La volumétrie ne rend pas compte de la richesse réelle : plus on entre dans l’ère d’une production industrielle de l’édition (donc dès le XIXè siècle), plus c’est l’ « intention intellectuelle de collection » qui devient intéressante. Je cite souvent ce travail d’une élève de l’enssib, Cécile Röthlin, qui avait été chargée par une bibliothèque d’évaluer le « stock » acquis auprès de la famille d’un ancien libraire décédé, hongrois ayant fui en France après avoir connu l’invasion nazie puis les diktats du communisme, et avait consacré son temps à rassembler une collection fascinante sur les sources et manifestations des dictatures ayant sévi en Europe ; au-delà de la politique étaient convoqués la philosophie, l’art, la littérature, etc., constituant un ensemble remarquable par sa constante intention : rassembler les origines des totalitarismes du XXè siècle. La bibliothèque acquéreuse (non, ce n’est pas la BM de Lyon) avait au départ l’intention de simplement combler les lacunes de ses collections , elle a découvert qu’elle disposait d’une entité patrimoniale, dont le bilan ne pouvait en aucun cas s’évaluer quantitativement, mais s’apprécier à l’aune de ses richesses interactives, comme un tout. D’autant que, après analyse, très peu nombreux étaient les titres individuels vraiment rares sur la place lyonnaise… : pour mon rapport, il aurait fallu que je me limite à intégrer soit 50 volumes (version « je comble des lacunes dans mes collections », bilan patrimonial peanuts) soit plus de 5 000 (version « je dispose d’une collection exceptionnelle « )…

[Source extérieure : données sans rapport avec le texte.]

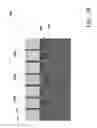 Fig. 05 - Method and structure for FinFET isolation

Inventer d’autres formes d’évaluation du patrimoine
Pourquoi diable faut-il toujours dénombrer ? L’angoisse du nombre saisit toujours les bibliothécaires dès qu’il s’agit de collections (et pas seulement patrimoniales). J’y vois une des révérences du métier, celle portée à l’ « œuvre », et partant à la monographie. Toute collection est décomposable en segments matériels, toute pensée est fragmentable en unités monographiques. Et nous apprécions volontiers une collection à l’aune de ces unités, ou plutôt de ces fragments isolés. Mais tout responsable sérieux d’un secteur documentaire sait que tel titre aride n’a de sens qu’aux côtés de tel autre titre plus futile, que son rayon est un équilibre subtil entre diverses pensées auxquelles chaque rameau manquant serait éventuellement dommageable !
La différence entre la collection « courante » et la collection patrimoniale, c’est que la première tente une représentation vivante d’une pensée offerte à la communauté d’aujourd’hui – et est donc éminemment mouvante du fait de ‘évolution de cette communauté active -, autant la seconde pose en préalable la consistance d’une intention collectionneuse avant de bien sûr la rendre vivante et signifiante pour nos contemporains. Et, cela peut naturellement concerner aussi bien des collections contemporaines que des fonds vénérables…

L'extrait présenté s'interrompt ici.